A few years ago we needed to replace our garage door. I suddenly noticed every garage door in the neighborhood and beyond. As I ran my errands, whether it was in the car, on my bike, or on foot, I couldn’t help but spot every garage door I passed. I’d never noticed before how many different styles there are, with a variety of windows, or none at all. Some have several panels, while others have just a few and many are manufactured to look like wood doors. The choices are remarkable, which I’d never observed until I needed one.
I’ve had similar experiences when we had to replace the roof on our house and when our neighborhood was getting a block wall. Spontaneously, my sights focused on every roof or block fence I went passed. I may have been by them a hundred times, but previously paid no attention. It’s apparent to me we notice what is concerning to us and at different times and situations we will be focused on different things. Just as my attention to housetops, garage doors and fences changed once the decision was made and the project was completed, my concentration moved onto another area in my life that needed improvement.

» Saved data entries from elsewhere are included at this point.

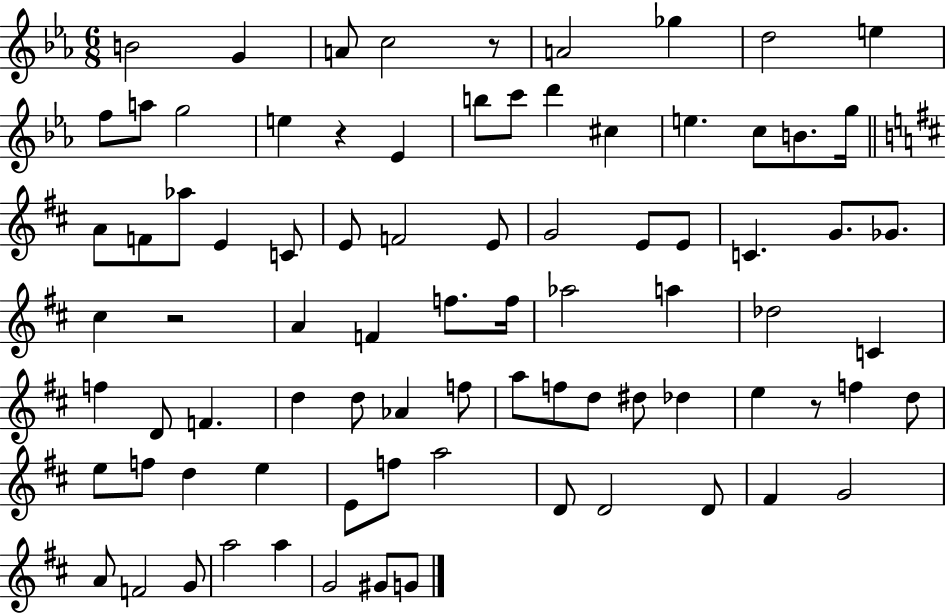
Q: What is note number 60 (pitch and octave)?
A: E5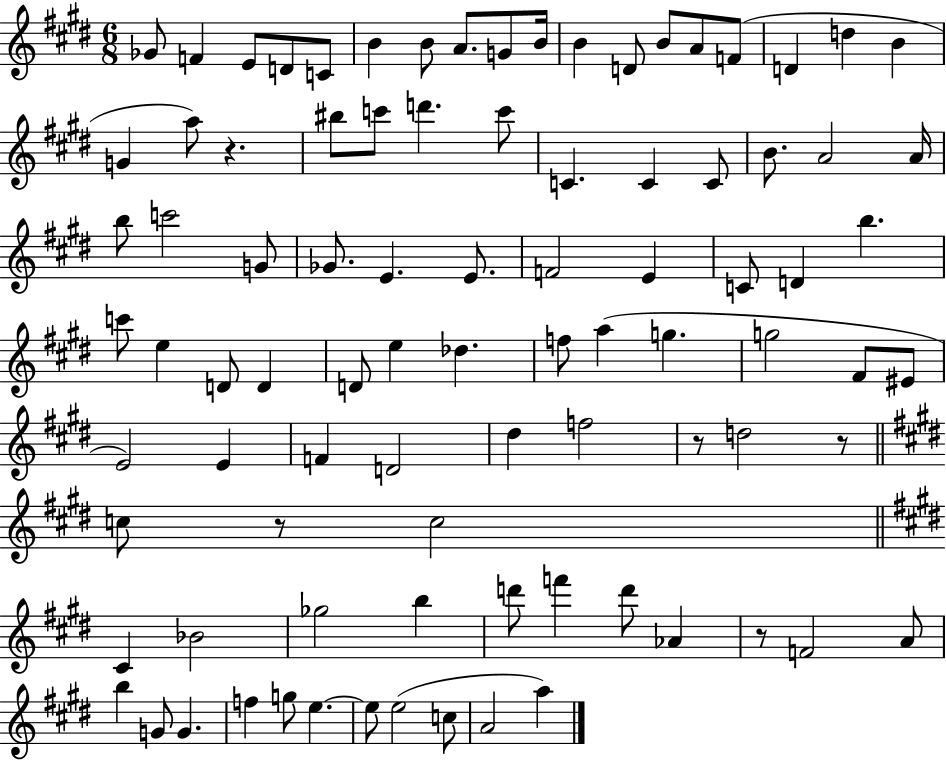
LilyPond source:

{
  \clef treble
  \numericTimeSignature
  \time 6/8
  \key e \major
  ges'8 f'4 e'8 d'8 c'8 | b'4 b'8 a'8. g'8 b'16 | b'4 d'8 b'8 a'8 f'8( | d'4 d''4 b'4 | \break g'4 a''8) r4. | bis''8 c'''8 d'''4. c'''8 | c'4. c'4 c'8 | b'8. a'2 a'16 | \break b''8 c'''2 g'8 | ges'8. e'4. e'8. | f'2 e'4 | c'8 d'4 b''4. | \break c'''8 e''4 d'8 d'4 | d'8 e''4 des''4. | f''8 a''4( g''4. | g''2 fis'8 eis'8 | \break e'2) e'4 | f'4 d'2 | dis''4 f''2 | r8 d''2 r8 | \break \bar "||" \break \key e \major c''8 r8 c''2 | \bar "||" \break \key e \major cis'4 bes'2 | ges''2 b''4 | d'''8 f'''4 d'''8 aes'4 | r8 f'2 a'8 | \break b''4 g'8 g'4. | f''4 g''8 e''4.~~ | e''8 e''2( c''8 | a'2 a''4) | \break \bar "|."
}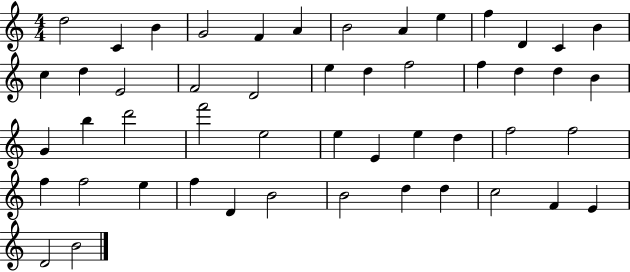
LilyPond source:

{
  \clef treble
  \numericTimeSignature
  \time 4/4
  \key c \major
  d''2 c'4 b'4 | g'2 f'4 a'4 | b'2 a'4 e''4 | f''4 d'4 c'4 b'4 | \break c''4 d''4 e'2 | f'2 d'2 | e''4 d''4 f''2 | f''4 d''4 d''4 b'4 | \break g'4 b''4 d'''2 | f'''2 e''2 | e''4 e'4 e''4 d''4 | f''2 f''2 | \break f''4 f''2 e''4 | f''4 d'4 b'2 | b'2 d''4 d''4 | c''2 f'4 e'4 | \break d'2 b'2 | \bar "|."
}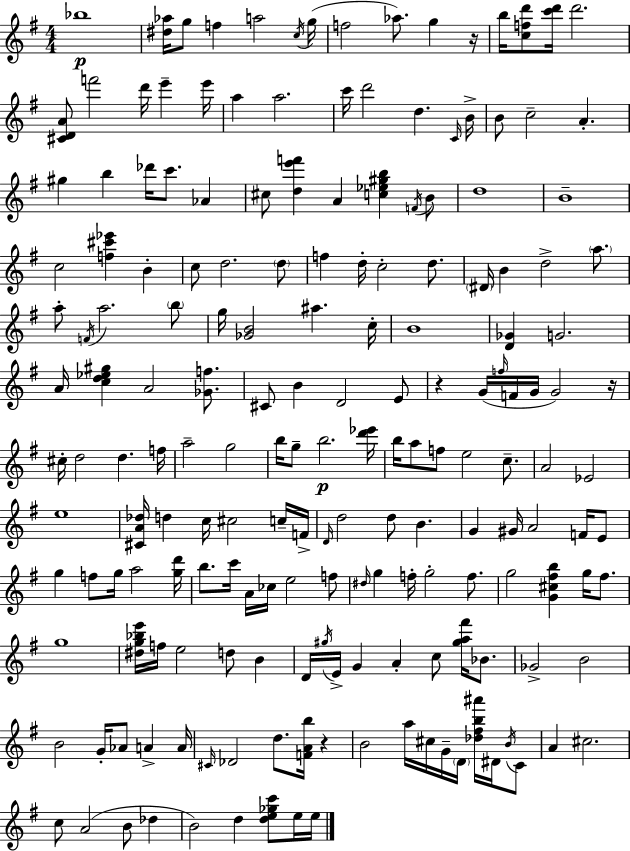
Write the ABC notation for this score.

X:1
T:Untitled
M:4/4
L:1/4
K:Em
_b4 [^d_a]/4 g/2 f a2 c/4 g/4 f2 _a/2 g z/4 b/4 [cfd']/2 [c'd']/4 d'2 [^CDA]/2 f'2 d'/4 e' e'/4 a a2 c'/4 d'2 d C/4 B/4 B/2 c2 A ^g b _d'/4 c'/2 _A ^c/2 [de'f'] A [c_e^gb] F/4 B/2 d4 B4 c2 [f^c'_e'] B c/2 d2 d/2 f d/4 c2 d/2 ^D/4 B d2 a/2 a/2 F/4 a2 b/2 g/4 [_GB]2 ^a c/4 B4 [D_G] G2 A/4 [cd_e^g] A2 [_Gf]/2 ^C/2 B D2 E/2 z G/4 f/4 F/4 G/4 G2 z/4 ^c/4 d2 d f/4 a2 g2 b/4 g/2 b2 [d'_e']/4 b/4 a/2 f/2 e2 c/2 A2 _E2 e4 [^CA_d]/4 d c/4 ^c2 c/4 F/4 D/4 d2 d/2 B G ^G/4 A2 F/4 E/2 g f/2 g/4 a2 [gd']/4 b/2 c'/4 A/4 _c/4 e2 f/2 ^d/4 g f/4 g2 f/2 g2 [G^c^fb] g/4 ^f/2 g4 [^dg_be']/4 f/4 e2 d/2 B D/4 ^g/4 E/4 G A c/2 [^ga^f']/4 _B/2 _G2 B2 B2 G/4 _A/2 A A/4 ^C/4 _D2 d/2 [FAb]/4 z B2 a/4 ^c/4 G/4 D/4 [_d^fb^a']/4 ^D/4 B/4 C/2 A ^c2 c/2 A2 B/2 _d B2 d [de_gc']/2 e/4 e/4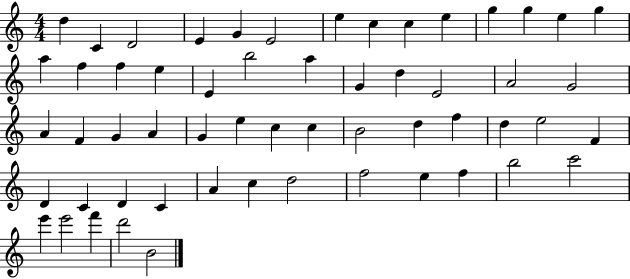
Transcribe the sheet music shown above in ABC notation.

X:1
T:Untitled
M:4/4
L:1/4
K:C
d C D2 E G E2 e c c e g g e g a f f e E b2 a G d E2 A2 G2 A F G A G e c c B2 d f d e2 F D C D C A c d2 f2 e f b2 c'2 e' e'2 f' d'2 B2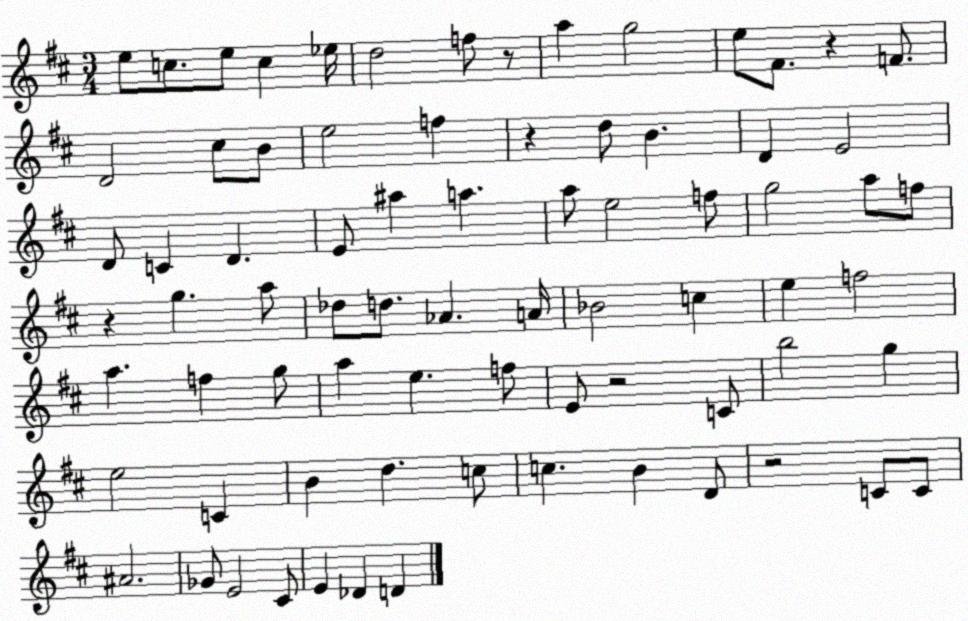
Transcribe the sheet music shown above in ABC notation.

X:1
T:Untitled
M:3/4
L:1/4
K:D
e/2 c/2 e/2 c _e/4 d2 f/2 z/2 a g2 e/2 ^F/2 z F/2 D2 ^c/2 B/2 e2 f z d/2 B D E2 D/2 C D E/2 ^a a a/2 e2 f/2 g2 a/2 f/2 z g a/2 _d/2 d/2 _A A/4 _B2 c e f2 a f g/2 a e f/2 E/2 z2 C/2 b2 g e2 C B d c/2 c B D/2 z2 C/2 C/2 ^A2 _G/2 E2 ^C/2 E _D D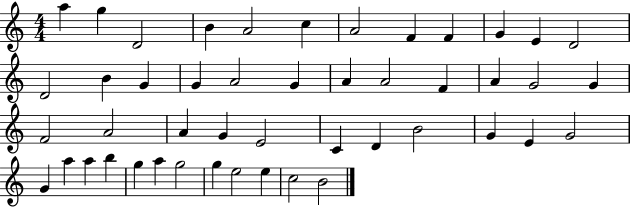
A5/q G5/q D4/h B4/q A4/h C5/q A4/h F4/q F4/q G4/q E4/q D4/h D4/h B4/q G4/q G4/q A4/h G4/q A4/q A4/h F4/q A4/q G4/h G4/q F4/h A4/h A4/q G4/q E4/h C4/q D4/q B4/h G4/q E4/q G4/h G4/q A5/q A5/q B5/q G5/q A5/q G5/h G5/q E5/h E5/q C5/h B4/h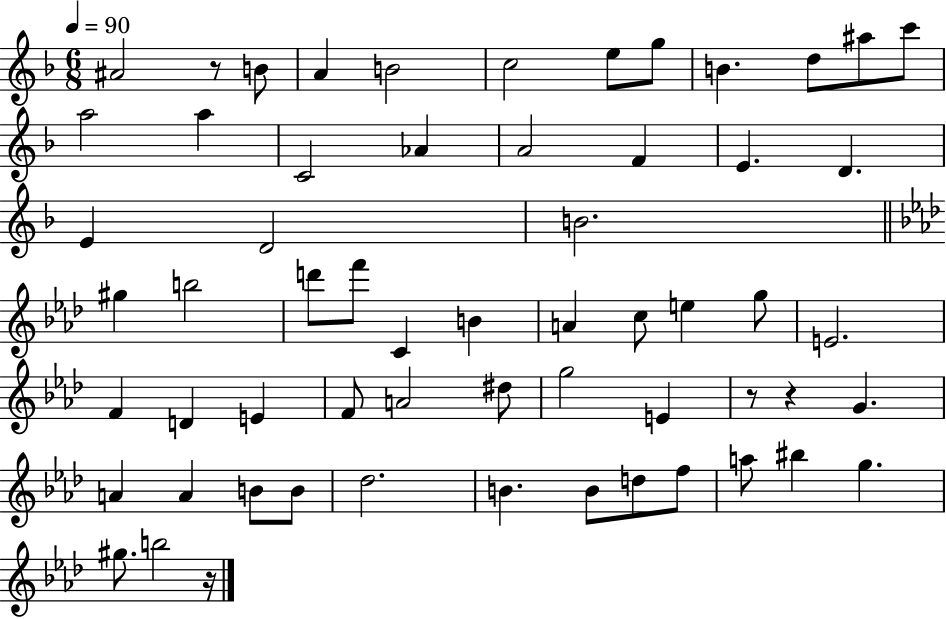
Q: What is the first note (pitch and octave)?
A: A#4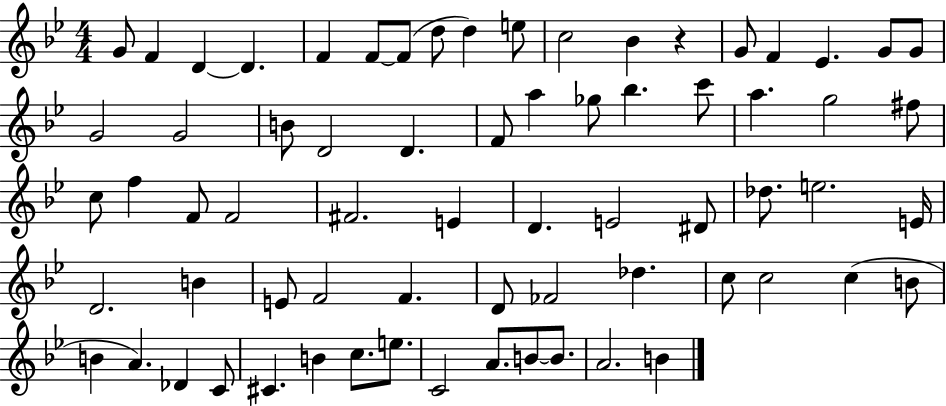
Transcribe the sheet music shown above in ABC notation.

X:1
T:Untitled
M:4/4
L:1/4
K:Bb
G/2 F D D F F/2 F/2 d/2 d e/2 c2 _B z G/2 F _E G/2 G/2 G2 G2 B/2 D2 D F/2 a _g/2 _b c'/2 a g2 ^f/2 c/2 f F/2 F2 ^F2 E D E2 ^D/2 _d/2 e2 E/4 D2 B E/2 F2 F D/2 _F2 _d c/2 c2 c B/2 B A _D C/2 ^C B c/2 e/2 C2 A/2 B/2 B/2 A2 B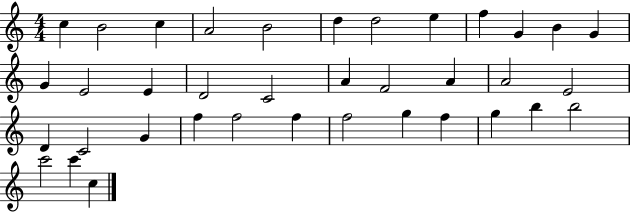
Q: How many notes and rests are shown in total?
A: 37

In Jamie Sorensen’s article, Survivor—Nich’s Story Update, she told of the concerns with Nich’s seizures and how emotionally and physically exhausting it is for her and for Nich. They research for a neurologist and their options on how to control the seizures, looking for the best solution for controlling and improving this part of their life. She acknowledged the hardships and then focused on the blessings of being his caregiver. She recognized how it has helped their children grow in caring for others and accepting responsibility. I’m sure it isn’t the life she’d prefer, but she has aligned her focus on the solution and not the problem.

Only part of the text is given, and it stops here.